··· DATA

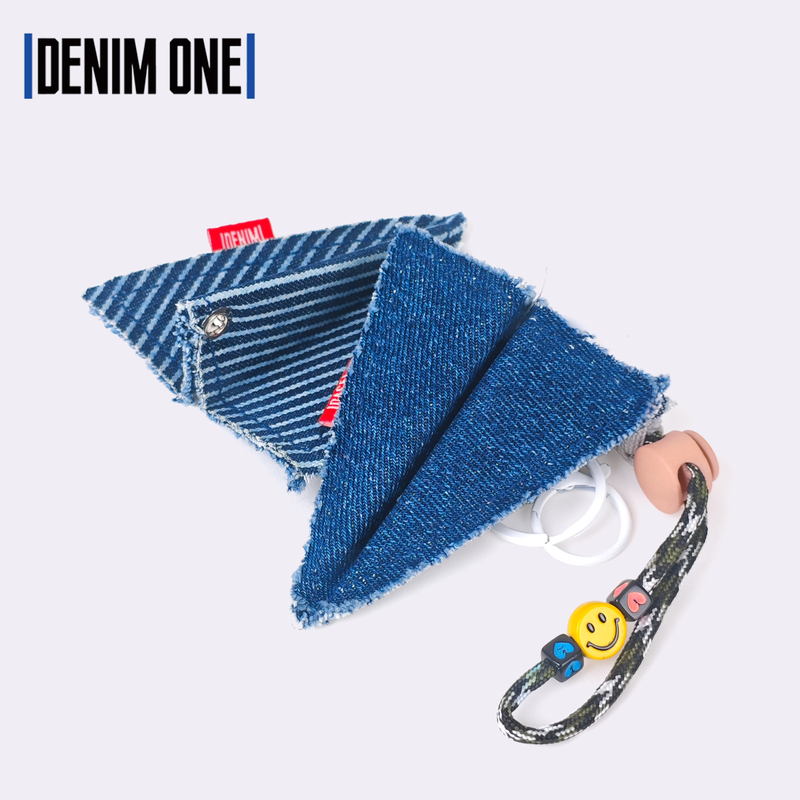 Denim One Original Design Handmade Denim Airplane Pendant Bag Charm Keychain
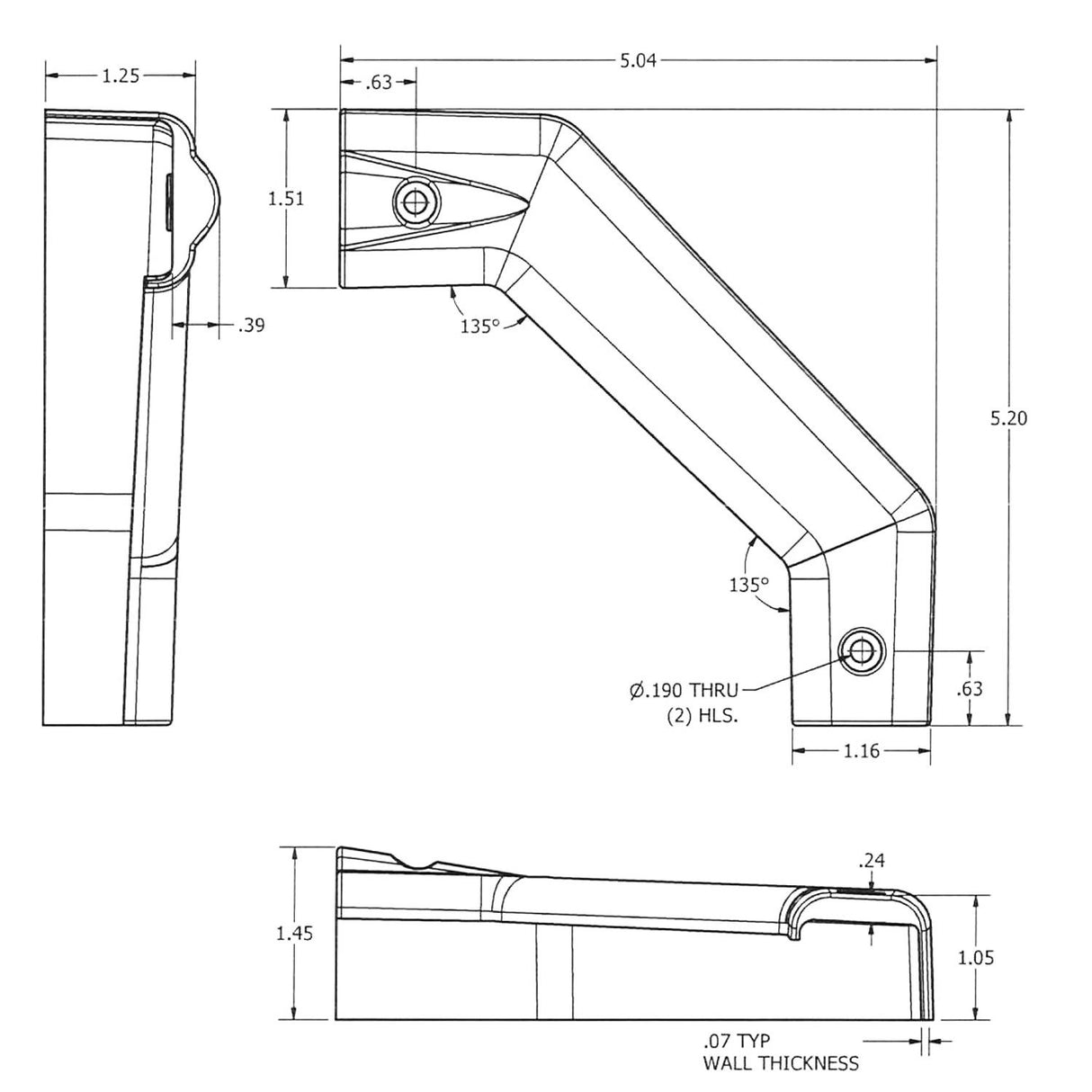 B&B Molders Bottom Left Corner Angled Extrusion Cover, White : BBT-722-023-00074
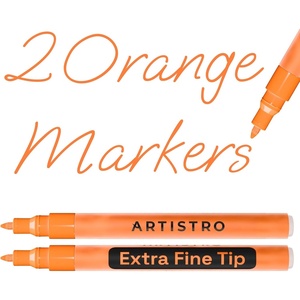 image:imageARTISTRO 2 Glitter Gold Acrylic Paint Markers  07mm Extra FineTip Paint Pens  Perfect for Crafting Art Projects amp MoreOrange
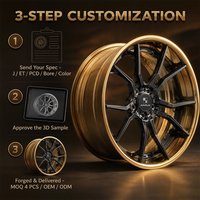 Jantes forgées en 3 parties Gold V-Split 19x9.5 5x120 ET30mm 6061 T6, jantes profondes personnalisées pour Audi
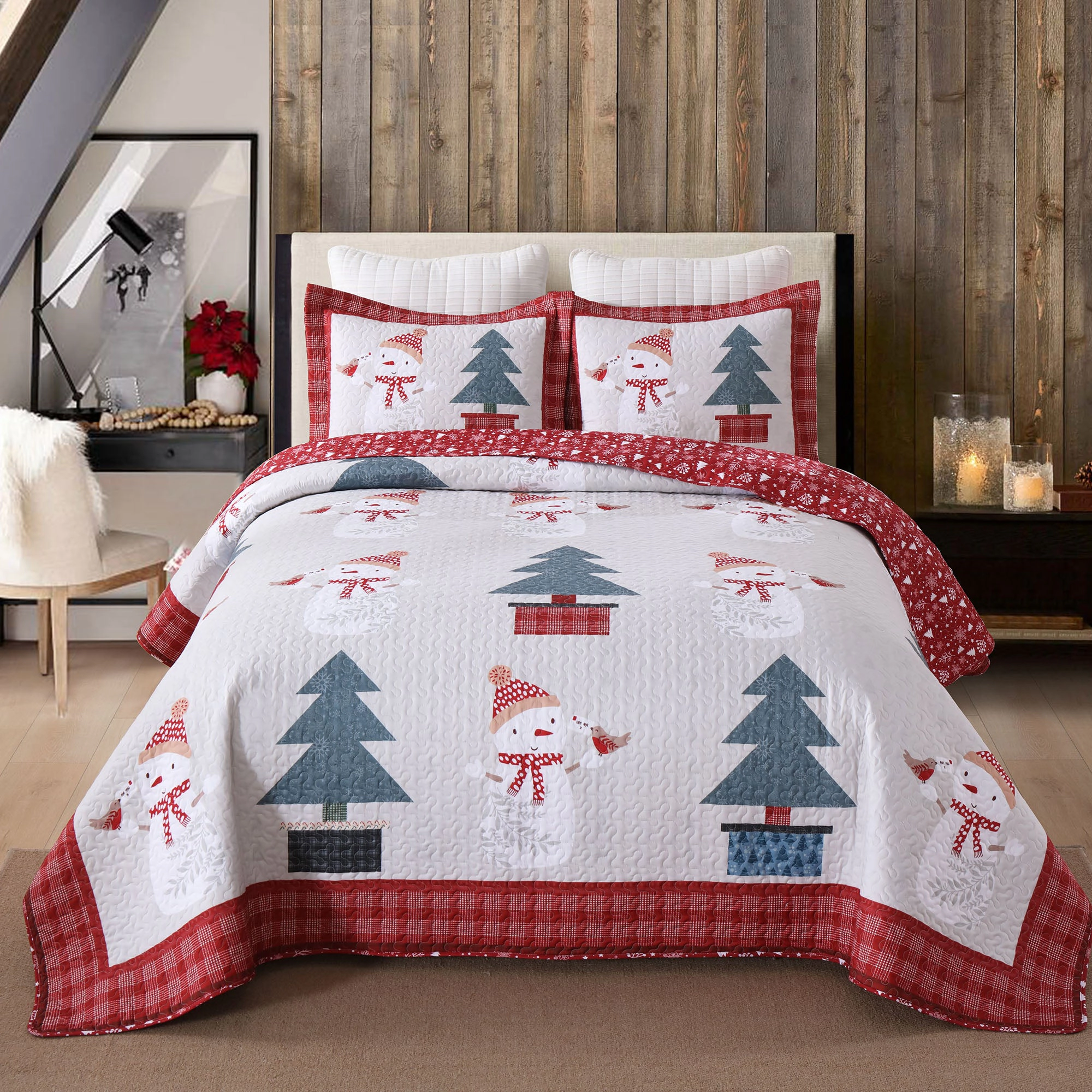 MarCielo 3 Piece Christmas Quilt Bedspread Set,Snowman & Tree Holiday Bedding Set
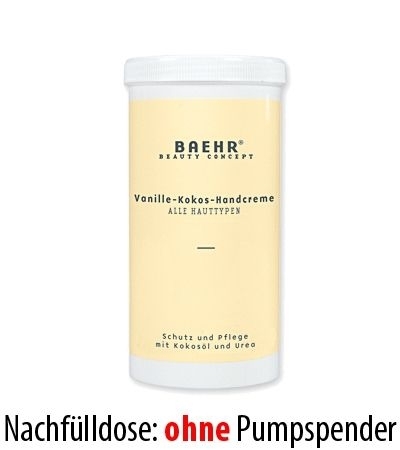Baehr Handcreme Vanille Kokos, mit Kokosöl, Urea, 450ml Nachfüll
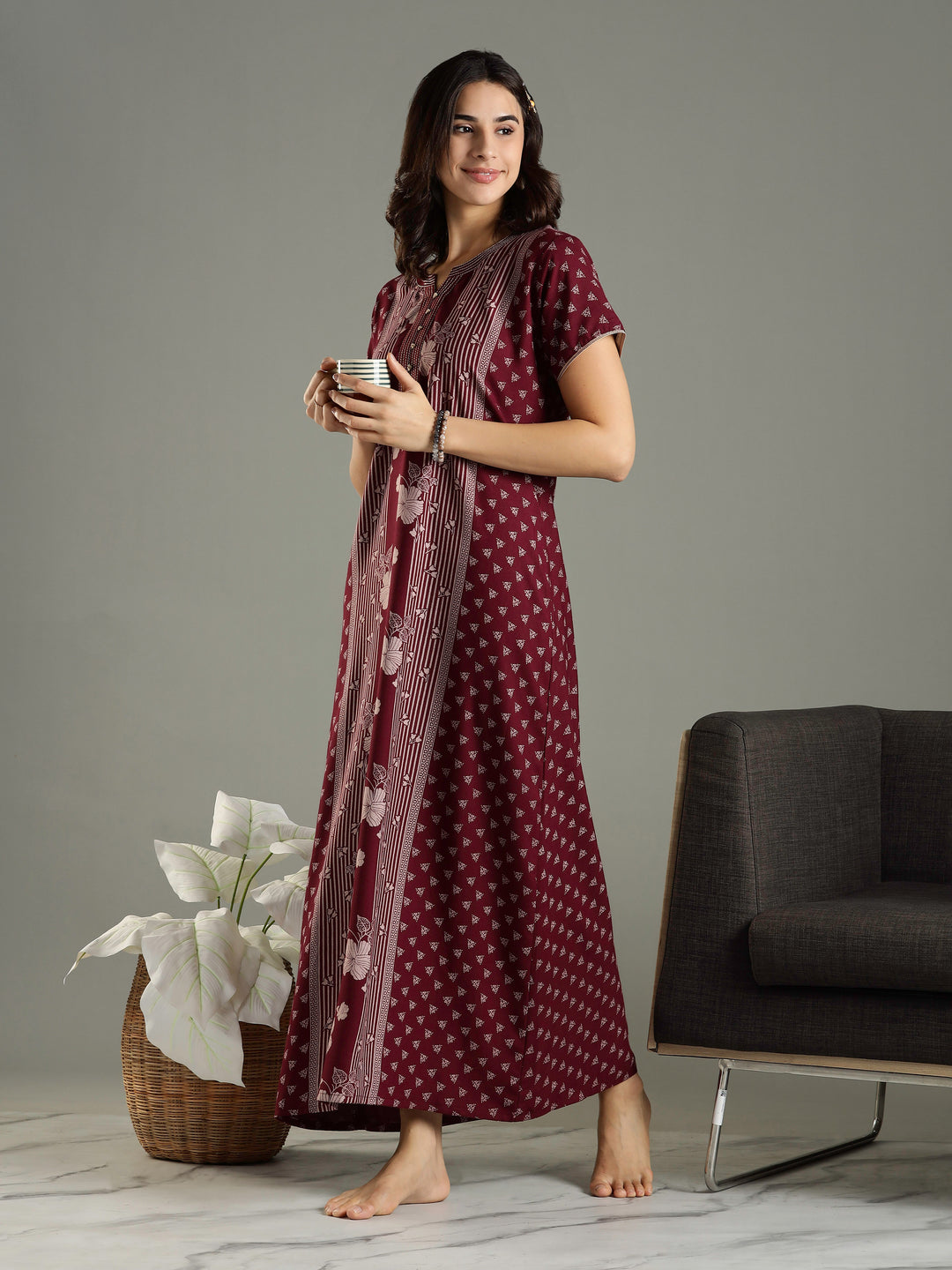 Wine Alpine Designer Branded Nighty for Women With Pocket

······

● **WHAT TO DO**: All of the entries above should be copied exactly, except for the pictures.

● **EXERCISE SOLUTION**:
 Denim One Original Design Handmade Denim Airplane Pendant Bag Charm Keychain
 B&B Molders Bottom Left Corner Angled Extrusion Cover, White : BBT-722-023-00074
 image:imageARTISTRO 2 Glitter Gold Acrylic Paint Markers  07mm Extra FineTip Paint Pens  Perfect for Crafting Art Projects amp MoreOrange
 Jantes forgées en 3 parties Gold V-Split 19x9.5 5x120 ET30mm 6061 T6, jantes profondes personnalisées pour Audi
 MarCielo 3 Piece Christmas Quilt Bedspread Set,Snowman & Tree Holiday Bedding Set
Baehr Handcreme Vanille Kokos, mit Kokosöl, Urea, 450ml Nachfüll
 Wine Alpine Designer Branded Nighty for Women With Pocket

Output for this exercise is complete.